AFTER AN APRIL CLASS III PRICE OF JUST $15.50 PER CWT., the Class III futures average over $19 per cwt. for the rest of the year.

MEANWHILE, AVERAGE CLASS IV FUTURES sit in the $21 range for that same time period, continuing the spread between the two classes. The June Class III futures price did surpass the Class IV price in mid-May, the first time that has happened since September 2023.

APRIL MILK PRODUCTION CAME IN AT 19.1 BILLION POUNDS, down 0.4% from the year before. After revisions by USDA, March milk production was also down 0.7% year-over-year. In April, milk output grew 2.5% in Wisconsin; production was down 3.3% in Texas. Across the country, milk production per cow was up 0.4%.

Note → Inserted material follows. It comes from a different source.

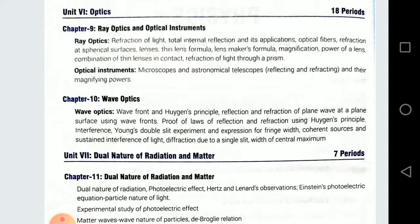Aur diamond ke andar jo reflection hota hai — diamond ka refractive index kya hota hai. So when the critical angle is 24.2 degrees, uska refractive index kya hoga — toh ye aapko calculate karna hoga. Diamond ke andar shine multiple TIR hone ki wajah se hoti hai. Then lens maker's formula aur iske upar numerical — particularly ki lens ki air mein focal length itni hai, jab hum isko kisi medium mein dip karenge tab kitni focal length aayegi. That is very important.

IN THE FIRST QUARTER OF THIS YEAR, 747,600 DAIRY COWS were sent to slaughter, down more than 120,000 from the 870,600 head culled from January to March of 2023. More recently, during the week that ended on May 4, only 48,975 dairy cows were sent to slaughter.

CULLING IS NORMALLY LOWER DURING THE SPRING FLUSH, but this was the first time in nearly eight years that slaughter dropped below 50,000 head in a nonholiday week. According to Sarina Sharp from the Daily Dairy Report, slaughter has been about 6,400 head below historical trends since September.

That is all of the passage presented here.